Without knowing your code or your intent I can't be entirely sure what's going on.

A suggestion -- which will probably take some work at this point -- is to hide your bitfield behind some sort of semantic barrier in your code: either put it inside a class if you're coding in C++, or make it a static local variable in a file if you're coding in C.  Then access that variable with accessor functions that include the necessary mutexes.

The nice thing about this is that the means to modify the bitfield is enforced by the tools, so if you can do it at all you'll be doing it right.

In C, this would be something like:

static int bitfield = 0;
int check_bit(int mask)
{
return bitfield & mask;
}

int set_bit(int mask)
{
retval = -1;
if (grab_mutex_successful())
{
bitfield |= mask;
release_mutex();
retval = 0;
}
return retval;
}

int reset_bit(int mask)
{
retval = -1;
if (grab_mutex_successful())
{
bitfield &= ~mask;
release_mutex();
retval = 0;
}
return retval;}
[ - ]
Reply by February 20, 2017

You should not be timing the controller in code with a bitfield -- you have an RTOS for that.  Unless you're tightly resource constrained you should separate the job into logical tasks, and make an RTOS task for each logical task.

This almost certainly means that you want to put the controller in its own task that wakes up and does its business when it needs to.  Ditto your ramp generator, and any other bits and bobs.

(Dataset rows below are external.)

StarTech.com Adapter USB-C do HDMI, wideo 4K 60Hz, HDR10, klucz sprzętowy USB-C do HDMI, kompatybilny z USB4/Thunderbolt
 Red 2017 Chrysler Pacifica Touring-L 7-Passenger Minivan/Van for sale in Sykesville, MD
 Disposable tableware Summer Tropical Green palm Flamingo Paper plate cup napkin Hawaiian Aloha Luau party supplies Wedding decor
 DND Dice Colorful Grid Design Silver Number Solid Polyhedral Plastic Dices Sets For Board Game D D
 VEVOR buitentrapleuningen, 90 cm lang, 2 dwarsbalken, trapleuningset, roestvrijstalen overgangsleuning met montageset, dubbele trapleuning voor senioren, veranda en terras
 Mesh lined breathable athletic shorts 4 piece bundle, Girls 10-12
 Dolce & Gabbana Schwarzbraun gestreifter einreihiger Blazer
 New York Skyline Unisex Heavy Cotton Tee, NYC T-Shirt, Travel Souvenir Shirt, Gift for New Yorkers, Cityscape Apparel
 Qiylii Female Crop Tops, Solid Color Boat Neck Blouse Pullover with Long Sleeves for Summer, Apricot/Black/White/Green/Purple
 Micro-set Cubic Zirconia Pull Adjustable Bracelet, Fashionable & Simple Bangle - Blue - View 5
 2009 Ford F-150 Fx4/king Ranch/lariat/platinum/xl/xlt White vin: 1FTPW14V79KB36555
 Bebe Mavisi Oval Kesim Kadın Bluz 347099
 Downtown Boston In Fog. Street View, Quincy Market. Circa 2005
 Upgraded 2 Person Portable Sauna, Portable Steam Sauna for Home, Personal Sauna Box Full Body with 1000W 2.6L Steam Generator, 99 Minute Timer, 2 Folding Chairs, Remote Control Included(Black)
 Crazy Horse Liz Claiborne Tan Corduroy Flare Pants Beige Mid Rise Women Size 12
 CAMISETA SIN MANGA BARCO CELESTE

If you find that you have one task of the form "if this flag is sent then do A, if that flag is set then do B, etc.", then you've just reenvinted the task loop and put it inside an RTOS task, and that is usually not a good idea.  The whole reason for an RTOS is to take everything out of task loops.

[ - ]
Reply by February 21, 2017

Thank you very much for your help Tim Wescott. My idea behind the bits array isn't to completely block/unblock the processing of PI controller or ramp functions in a task. Both functions are processed with the execution period of the task in which they are placed. The bits are used only as "signals" to set some prescribed value at the output of the ramp or PI controller (bypass the calculation of their difference equations) as a reaction to some event in the controlled system. One of the events is for example transition into "run" state in system's finite state machine. But it isn't the only one event. For example the PI controller function has some bit signaling that the action variable is for example at the allowable maximum or minimum value.

[ - ]
Reply by February 21, 2017

Two solutions that I have used for this in the past (other than the one I mentioned):

First, if the only thing that matters is the instantaneous value of the bit and there's no two-way communications going on, use one bit per variable, and use variables that are atomic types for the processor.  If you do this you'll want to double-check the assembly code, and you'll want to be aware that your code may not be fully portable.  If you're writing to the variable from more than one task, this may not be a good way to go.

Second, you can protect an operation like that by turning off all interrupts, making your change, and turning on all interrupts.  I mention this with a bit of trepidation, because I've seen people get entirely too enthusiastic about using this and screw up systems because of it.  Basically, if you go turning off interrupts then whatever time is spent with interrupts off increases the worst-case interrupt latency, and by extension the worst-case task-switch time.  However, for things like this you can do the deed in maybe 50 times fewer clock ticks than by going through the OS.